Eppure, che la scena, e dunque la gloria, non siano spettacolari né sacrificali, l’aveva già sottolineato Sigmund Freud, che aveva parlato della psiche come scena inconscia, altra scena (Ein andere Schauplatz) e, soprattutto, scena originaria (die Urszene): scena irrappresentabile, verso cui le cose vanno, non perché vi ritornino (sarebbe la scena dell’origine), ma perché senza questa scena non c’è qualità, valore, cifra. La scena nel teatro greco non era il luogo dove si svolgeva la tragedia, ma la tenda, lo sfondo. Le cose avvengono davanti alla scena, nel presupposto che tutto sia come si vede, o dietro, nel presupposto che importi quel che è nascosto? Nel primo caso la maschera deve essere indossata, per coprire, nel secondo deve essere tolta, per svelare: ecco le modalità criminologiche a cui la famiglia, l’arte, l’impresa, la comunicazione dovrebbero attenersi, fino alla sceneggiata, ora comica ora tragica. Sta qui la parata sociale, con i suoi ruoli, il suo convenzionalismo, la sua copertura. La tenda non copre né mostra, è separazione, cioè, dal latino sine parare, è senza ostentazione o dimostrazione, ma anche senza protezione o impedimento. Insomma la scena non ammette né parata né nascondimento.
La cifrematica indica come nella parola il corpo è arma, legame, giuntura, e la scena è skené, tenda, slegame, separazione.
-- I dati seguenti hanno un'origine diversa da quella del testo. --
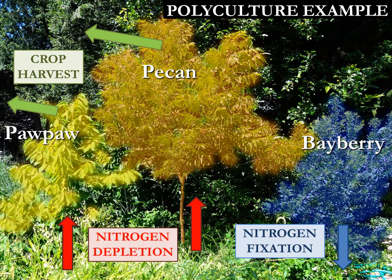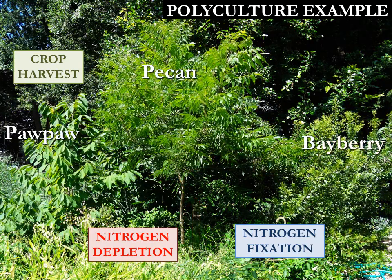So the third plant in the polyculture is a bayberry, which has the ability to fix nitrogen into the soil through its symbiotic relationship with root bacteria. They take atmospheric nitrogen and fix it into the soil, making it available to the other plants in this polyculture and sustaining them in their crop year after year.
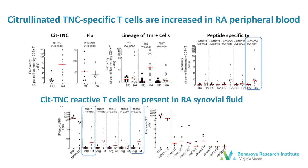We next applied direct ex vivo tetramer staining to samples from the peripheral blood of patients with RA and compared them to HLA-matched healthy controls. We were able to demonstrate that there was increased frequency of T cells specific for citrullinated tenascin-C epitopes in RA patients, that these were predominantly of a TH2 and TH17 lineage. And among the peptides studied, the greatest frequency was seen to tenascin-C 56.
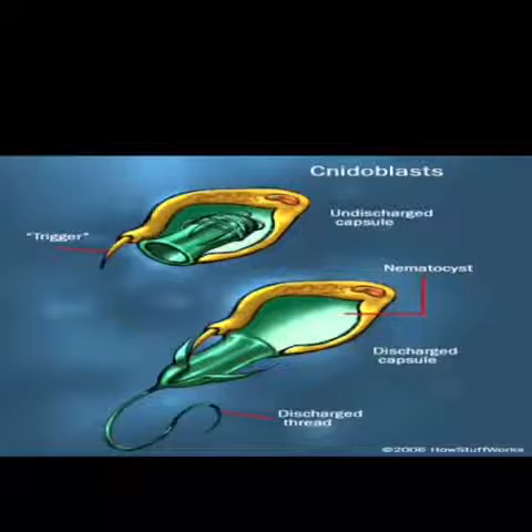When we are stung, it hurts because the toxin goes through our skin. Jellyfish stings can be painful to humans and sometimes very dangerous. But jellyfish don't purposely attack humans. Most stings occur when people accidentally touch a jellyfish. Unfortunately, if the sting is from a dangerous species, it can be deadly.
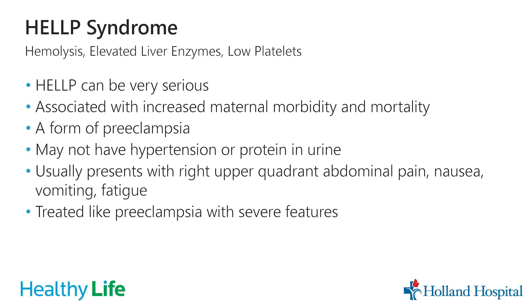One severe form of preeclampsia is called HELLP syndrome, which stands for Hemolysis (breaking down blood products), Elevated Liver enzymes, and Low Platelets. This can be very serious — women can get very sick, and it's associated with increased maternal morbidity and mortality. You may not present with hypertension or protein in your urine with HELLP; it can have an atypical presentation. Patients often present with upper right abdominal pain, nausea, vomiting, fatigue, or just not feeling like themselves. We treat it like preeclampsia with severe features — blood pressure medications if necessary and IV magnesium.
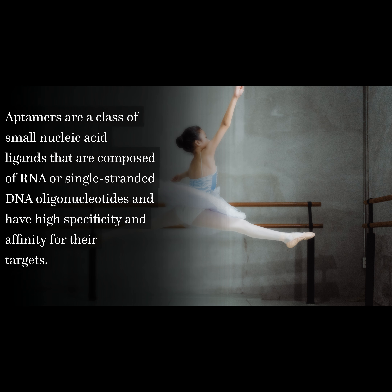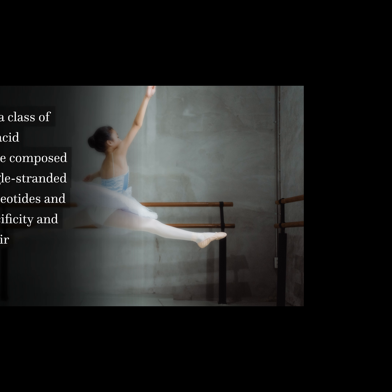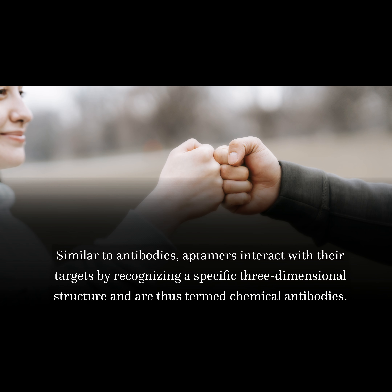Aptamers are a class of small nucleic acid ligands that are composed of RNA or single-stranded DNA oligonucleotides and have high specificity and affinity for their targets. Similar to antibodies, aptamers interact with their targets by recognizing a specific three-dimensional structure and are thus termed chemical antibodies.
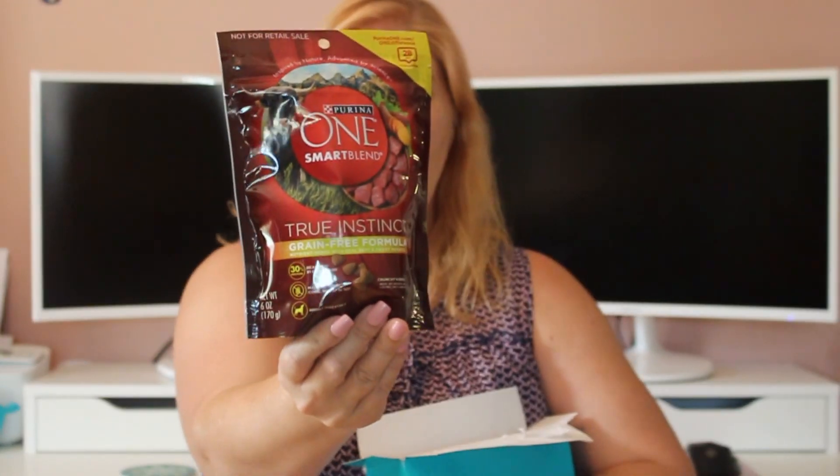They've been having a little bit of problems the past few months. So this is 30% protein, real beef made without corn, wheat, or soy — highly digestible, crunchy kibble. It's beef and sweet potato and it's for adults. Both my dogs are adults, so that's the first one I got in here.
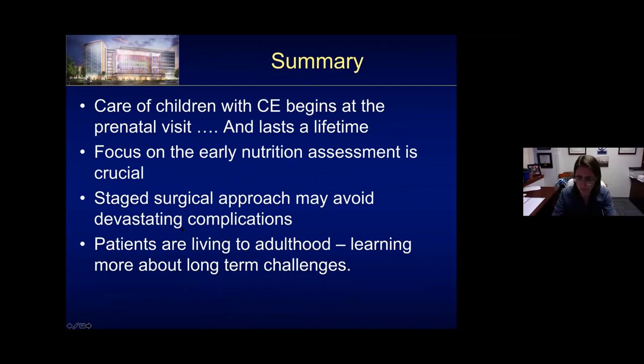In summary, the care of children with cloacal exstrophy really begins at that prenatal visit for diagnosis, with a lot of counseling that lasts a lifetime. The focus on early nutrition is critical for every subsequent surgery. The staged surgical approach can potentially avoid very devastating complications. Now that patients are living into adulthood, we're really learning more about long-term challenges and trying to investigate what things we can do that will make them feel better throughout their lifetime.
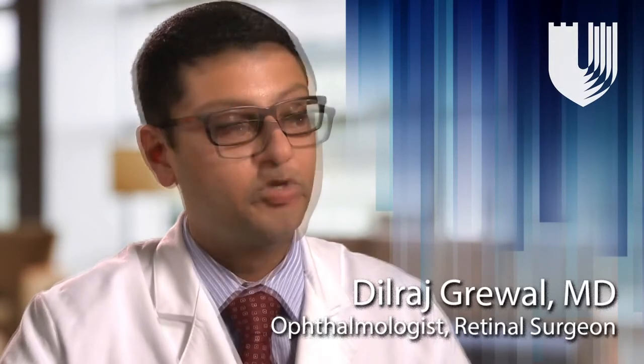My name is Dilraj Grewal, and I'm one of the vitreoretinal and uveitis specialists at the Duke Eye Center. Being a retina and uveitis specialist, I deal with patients who have problems of the back of the eye, as well as patients who have problems with inflammation in the eye. Oftentimes the patients referred to see us at the Duke Eye Center are for a second or third opinion, especially for retina and uveitis problems.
Le cose procedono dal due e vanno in direzione della qualità, non dell’unificazione, come voleva la fisica del ventesimo secolo, trascurando la lezione di Heisenberg e del suo principio d’indeterminazione, cui allude in questo numero Fernando Arrabal. Tra corpo e scena nessuna armonia, nessuna fusione, nessuna corrispondenza, come vorrebbe la psicosomatica per proporre lo psichico come sistema, a paradigma e guida della riduzione della famiglia, dell’impresa, della vita stessa a sistema sociale. Ma come concetto limite tra il somatico e lo psichico, scrive Freud, c’è la pulsione, che Armando Verdiglione definisce duale, per sottolineare che procede dal due originario e si rivolge alla qualità. Lungo questo rivolgersi, questa rivoluzione della parola, si dissolve l’idea di sistema, in cui il due dovrebbe procedere dall’unità e tornare all’unità, e sorgono i dispositivi nuovi per l’impresa, l’industria, la città. Con la direzione del brainworker, essi procedono dall’apertura e, per un itinerario di arte e cultura, giungono alla riuscita, come indicano le testimonianze degli imprenditori interpellati in queste pagine.